Before BOOTH, Circuit Judge, and PHILLIPS, District Judge.

BOOTH, Circuit Judge.

This was a suit brought by appellee, hereafter called plaintiff, against the appellants, who were respectively delinquent tax collector, sheriff, treasurer, and tax ferret, of Creek county, Okl., to enjoin them from selling under tax warrants for delinquent personal property taxes certain real estate owned by plaintiff in that county. Jurisdiction rested on divers citizenship and the requisite amount involved.

The controlling facts disclosed by the evidence are as follows:

Section 9798, Comp. Okl. Stat. 1921, reads:

'The board of county commissioner of any count in this state may contract with any person or persons to assist the proper officers of the county in the discovery of property not listed and assessed, as required by existing laws, and fix the compensation at not to exceed fifteen per cent. of the taxes recovered under this article. Before listing and assessing the property discovered, the county treasurer shall give the person in whose name it is proposed to assess the same, ten days' notice thereof by registered letter, addressed to him at his last known place of residence, fixing the time and place when objections in writing to such proposed listing and assessment may be made. An appeal may be taken to the county court for the final action of the treasurer within ten days, by giving notice thereof in writing and filing an appeal bond, as in cases appealed from the board of county commissioners to the district court.'

Plaintiff is a Creek freedman. He attained his majority January 20, 1924. Prior to that time, and subsequent to January 29, 1923, he was under the guardianship of L. W. McEwen, duly appointed by the county court of Creek county, Okl. Shortly prior to December 4, 1923, defendant Weakley, the tax ferret, proceeding under the statute above quoted, reported to the county treasurer that he had discovered that plaintiff had been the owner of certain personal property subject to taxation, consisting of cash, as shown by his guardian's reports for the years 1917 to 1922, inclusive; that the property had not been listed and assessed for those years.

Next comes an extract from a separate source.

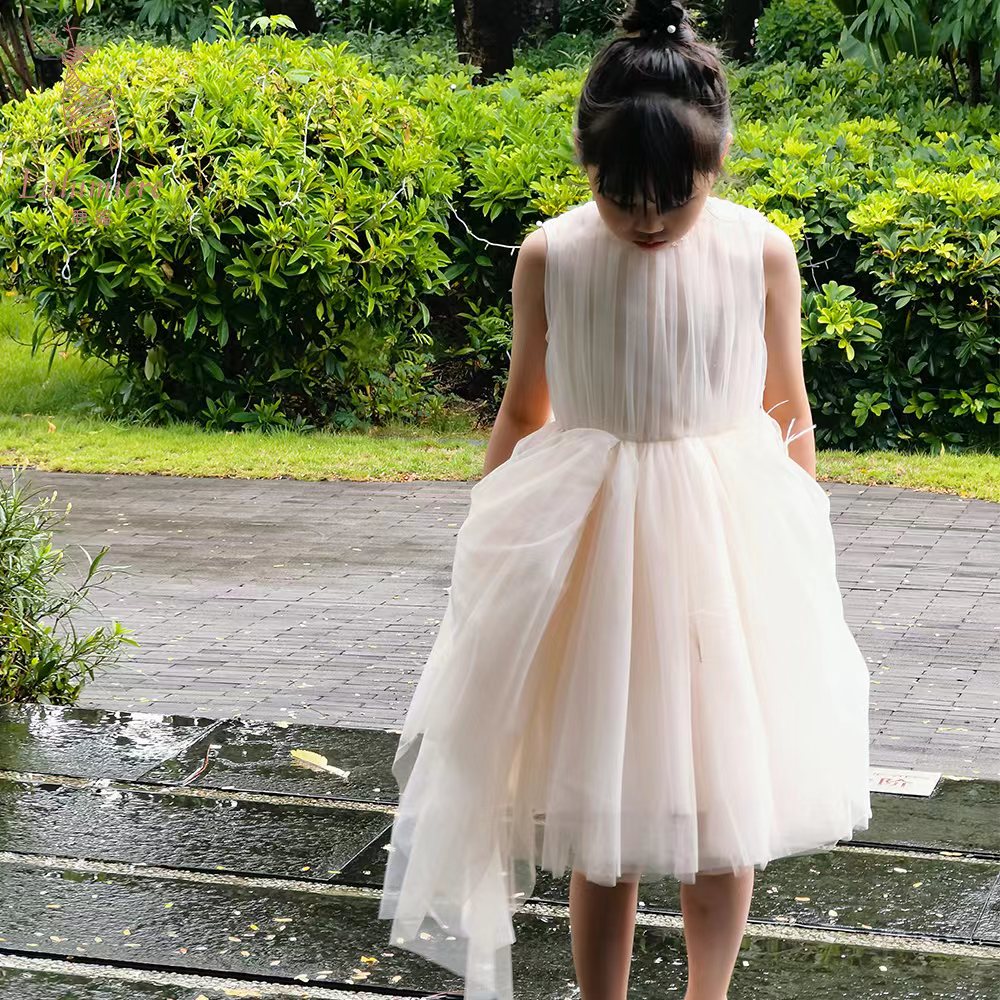 女童香槟色钉珠羽毛礼服裙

Thereupon the following notice was prepared and sent by registered mail:

'Office of Treasurer of Creek County.

'James E. Payne, Treasurer, Sapulpa, Oklahoma.

'Dec. 4; 1923. 50141

'L. W. McEwen, Bristow, Okl., Gdn. of Dewey Hawkins-- Dear Sir: Information has been filed in this office by R. H. Weakley, the authorized tax ferret of Creek county, that you were the owner of personal property consisting of the following:

'Cash as shown by guardian's reports, Bristow City, the fair cash value of the same being $54,404, which was subject to taxation in Creek county, Oklahoma, for the year

1909 $........ 1914 $........ 1919 $ 5,097.00

1910 $........ 1915 $........ 1920 $ 7,378.00

1911 $........ 1916 $........ 1921 $24,922.00

1912 $........ 1917 $6,429.00 1922 $ 7,153.00

1913 $........ 1918 $3,425.00 1923 $.........

and not assessed and extended on the tax rolls. Before assessing and extending same on tax rolls, the law provides that you shall have ten days' notice in which you may file with this office, in writing, under oath, any objections to such listing and assessing.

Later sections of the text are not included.